Product information

Sake making starts with harmony, ends with harmony. What is important is rice, water, and the craftsmanship.

Sake Kamitaka


Kamitaka Daiginjo 35

alcohol content 16%
material rice Yamadanishiki
volume 720ml
sake meter value ±0
acidity 1.1
taste medium not too sweet, not too dry

Yamadanishi is called " the best rice for Sake. "
Local Yamadanishiki is the only material rice.
We polished to 35% of brown rice, brewed a very small amount wholeheartedly for Sake competition. You can enjoy great aroma and silky smooth taste.


Junmai Daiginjo Kamitaka

alcohol content 15%
material rice Yamadanishiki
volume 720ml
sake meter value -2.5
acidity 1.4
taste medium not too sweet, not too dry

Local Yamadanishiki is the only material rice. We polished to 50% of brown rice, fermented slowly with special yeast at low tempureture.
You can enjoy great aroma and light, refreshing, silky smooth taste as we stored in refrigerator after pasteurization.
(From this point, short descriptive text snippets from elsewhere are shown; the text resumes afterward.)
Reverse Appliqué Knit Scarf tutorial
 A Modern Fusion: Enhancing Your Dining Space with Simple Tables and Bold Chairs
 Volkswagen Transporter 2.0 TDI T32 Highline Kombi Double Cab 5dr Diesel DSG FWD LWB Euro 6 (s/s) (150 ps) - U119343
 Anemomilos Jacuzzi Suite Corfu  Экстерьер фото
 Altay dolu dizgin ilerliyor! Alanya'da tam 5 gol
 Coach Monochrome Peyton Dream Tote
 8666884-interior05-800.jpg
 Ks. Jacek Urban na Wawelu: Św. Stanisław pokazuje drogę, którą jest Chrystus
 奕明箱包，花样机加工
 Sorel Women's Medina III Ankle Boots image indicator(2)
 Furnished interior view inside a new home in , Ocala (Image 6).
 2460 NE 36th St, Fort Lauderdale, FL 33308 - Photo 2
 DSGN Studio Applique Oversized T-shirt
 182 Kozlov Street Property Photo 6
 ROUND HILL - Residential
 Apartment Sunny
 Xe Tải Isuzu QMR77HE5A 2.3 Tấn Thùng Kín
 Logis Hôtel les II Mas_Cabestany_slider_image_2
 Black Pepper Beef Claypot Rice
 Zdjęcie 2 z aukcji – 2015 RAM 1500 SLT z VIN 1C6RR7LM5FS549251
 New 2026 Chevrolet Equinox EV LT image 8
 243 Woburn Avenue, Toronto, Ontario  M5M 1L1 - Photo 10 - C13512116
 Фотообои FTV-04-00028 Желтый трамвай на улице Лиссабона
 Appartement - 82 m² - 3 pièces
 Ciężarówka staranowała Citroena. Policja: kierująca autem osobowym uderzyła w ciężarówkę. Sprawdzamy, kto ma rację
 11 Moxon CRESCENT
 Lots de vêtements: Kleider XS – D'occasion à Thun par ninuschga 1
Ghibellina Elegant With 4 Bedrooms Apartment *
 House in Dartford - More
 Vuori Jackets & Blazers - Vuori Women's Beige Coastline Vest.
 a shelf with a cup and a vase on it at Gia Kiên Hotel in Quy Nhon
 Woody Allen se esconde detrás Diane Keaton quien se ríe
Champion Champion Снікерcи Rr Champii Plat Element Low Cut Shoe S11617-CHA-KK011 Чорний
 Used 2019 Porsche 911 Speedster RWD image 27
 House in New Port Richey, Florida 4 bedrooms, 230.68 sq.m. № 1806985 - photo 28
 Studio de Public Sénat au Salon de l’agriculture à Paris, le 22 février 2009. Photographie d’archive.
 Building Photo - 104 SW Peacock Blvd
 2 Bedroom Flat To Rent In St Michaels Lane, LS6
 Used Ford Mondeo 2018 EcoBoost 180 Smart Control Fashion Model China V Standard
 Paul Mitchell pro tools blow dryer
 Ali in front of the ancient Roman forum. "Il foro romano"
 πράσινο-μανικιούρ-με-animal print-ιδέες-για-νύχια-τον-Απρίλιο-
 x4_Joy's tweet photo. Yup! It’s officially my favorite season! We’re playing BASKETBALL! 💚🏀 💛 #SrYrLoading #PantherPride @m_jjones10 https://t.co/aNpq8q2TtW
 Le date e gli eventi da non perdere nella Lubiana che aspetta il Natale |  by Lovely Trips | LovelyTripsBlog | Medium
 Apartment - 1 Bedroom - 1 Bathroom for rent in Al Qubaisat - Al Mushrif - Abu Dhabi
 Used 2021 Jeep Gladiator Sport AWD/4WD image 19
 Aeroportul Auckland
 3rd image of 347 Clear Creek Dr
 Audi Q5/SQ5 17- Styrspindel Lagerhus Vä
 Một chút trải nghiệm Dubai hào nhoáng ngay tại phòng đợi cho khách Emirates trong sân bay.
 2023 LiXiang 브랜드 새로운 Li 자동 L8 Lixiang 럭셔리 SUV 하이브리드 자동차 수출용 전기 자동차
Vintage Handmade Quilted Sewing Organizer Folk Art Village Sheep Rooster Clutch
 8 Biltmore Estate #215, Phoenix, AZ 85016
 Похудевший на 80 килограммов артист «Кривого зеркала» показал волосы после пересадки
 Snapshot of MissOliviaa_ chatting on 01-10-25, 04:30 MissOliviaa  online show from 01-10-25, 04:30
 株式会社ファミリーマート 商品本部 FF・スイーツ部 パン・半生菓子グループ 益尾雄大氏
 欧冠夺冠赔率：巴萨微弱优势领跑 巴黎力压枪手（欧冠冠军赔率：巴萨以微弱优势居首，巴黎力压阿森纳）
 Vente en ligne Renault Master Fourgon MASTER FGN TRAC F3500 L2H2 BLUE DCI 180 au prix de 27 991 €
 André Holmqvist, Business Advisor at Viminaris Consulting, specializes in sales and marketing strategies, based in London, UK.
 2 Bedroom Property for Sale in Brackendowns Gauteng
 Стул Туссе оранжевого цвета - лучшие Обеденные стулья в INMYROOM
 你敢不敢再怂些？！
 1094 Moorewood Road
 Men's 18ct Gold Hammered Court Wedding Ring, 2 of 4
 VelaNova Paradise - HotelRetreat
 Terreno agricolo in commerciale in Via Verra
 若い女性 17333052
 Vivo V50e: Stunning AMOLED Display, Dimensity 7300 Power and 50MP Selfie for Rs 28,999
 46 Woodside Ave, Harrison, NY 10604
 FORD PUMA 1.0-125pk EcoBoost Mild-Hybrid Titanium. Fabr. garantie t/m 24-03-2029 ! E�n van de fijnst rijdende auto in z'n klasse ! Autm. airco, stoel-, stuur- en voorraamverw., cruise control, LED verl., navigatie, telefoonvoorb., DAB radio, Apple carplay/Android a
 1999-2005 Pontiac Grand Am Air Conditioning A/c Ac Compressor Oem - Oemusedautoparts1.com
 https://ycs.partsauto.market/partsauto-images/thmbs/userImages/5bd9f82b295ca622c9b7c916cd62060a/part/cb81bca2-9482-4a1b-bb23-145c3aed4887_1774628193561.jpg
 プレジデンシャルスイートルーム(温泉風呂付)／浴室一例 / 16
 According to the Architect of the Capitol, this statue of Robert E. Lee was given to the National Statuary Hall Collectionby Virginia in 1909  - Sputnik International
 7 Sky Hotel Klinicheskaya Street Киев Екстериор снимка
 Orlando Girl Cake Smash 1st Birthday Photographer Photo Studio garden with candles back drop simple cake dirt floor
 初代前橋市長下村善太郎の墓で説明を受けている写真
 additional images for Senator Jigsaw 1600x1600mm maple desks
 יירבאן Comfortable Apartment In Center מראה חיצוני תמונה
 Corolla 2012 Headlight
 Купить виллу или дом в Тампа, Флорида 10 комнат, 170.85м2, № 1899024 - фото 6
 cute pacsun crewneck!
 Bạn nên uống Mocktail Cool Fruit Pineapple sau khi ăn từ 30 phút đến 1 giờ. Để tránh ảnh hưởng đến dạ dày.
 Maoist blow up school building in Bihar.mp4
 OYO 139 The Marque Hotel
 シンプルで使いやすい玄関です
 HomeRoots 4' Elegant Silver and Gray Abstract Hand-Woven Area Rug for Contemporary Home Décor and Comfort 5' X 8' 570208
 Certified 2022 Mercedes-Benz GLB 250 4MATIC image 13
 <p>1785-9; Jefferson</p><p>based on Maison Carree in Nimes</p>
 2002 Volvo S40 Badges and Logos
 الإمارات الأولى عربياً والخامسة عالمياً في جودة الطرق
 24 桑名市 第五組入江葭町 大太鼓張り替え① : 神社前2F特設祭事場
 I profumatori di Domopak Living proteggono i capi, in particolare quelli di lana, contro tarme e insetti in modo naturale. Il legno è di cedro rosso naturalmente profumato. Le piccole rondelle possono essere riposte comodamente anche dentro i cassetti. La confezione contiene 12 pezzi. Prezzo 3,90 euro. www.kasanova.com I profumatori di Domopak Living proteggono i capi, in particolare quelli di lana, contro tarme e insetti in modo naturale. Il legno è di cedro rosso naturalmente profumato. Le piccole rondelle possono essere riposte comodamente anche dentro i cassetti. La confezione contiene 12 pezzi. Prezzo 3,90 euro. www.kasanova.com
Kamitaka Junmai Ginjo Nakadori

alcohol content 16%
material rice Yamadanishiki
volume 720ml
sake meter value -3
acidity 1.6
taste medium not too sweet, not too dry

Local Yamadanishiki, the best Sake rice, is the only material rice. We polished to 60% of brown rice, brewed wholeheartedly.
Nakadori is the middle part of fermenting when we squeeze, with great aroma balance, fruitiness and richness. You can enjoy fruity and rich taste of Junmai Ginjo sake.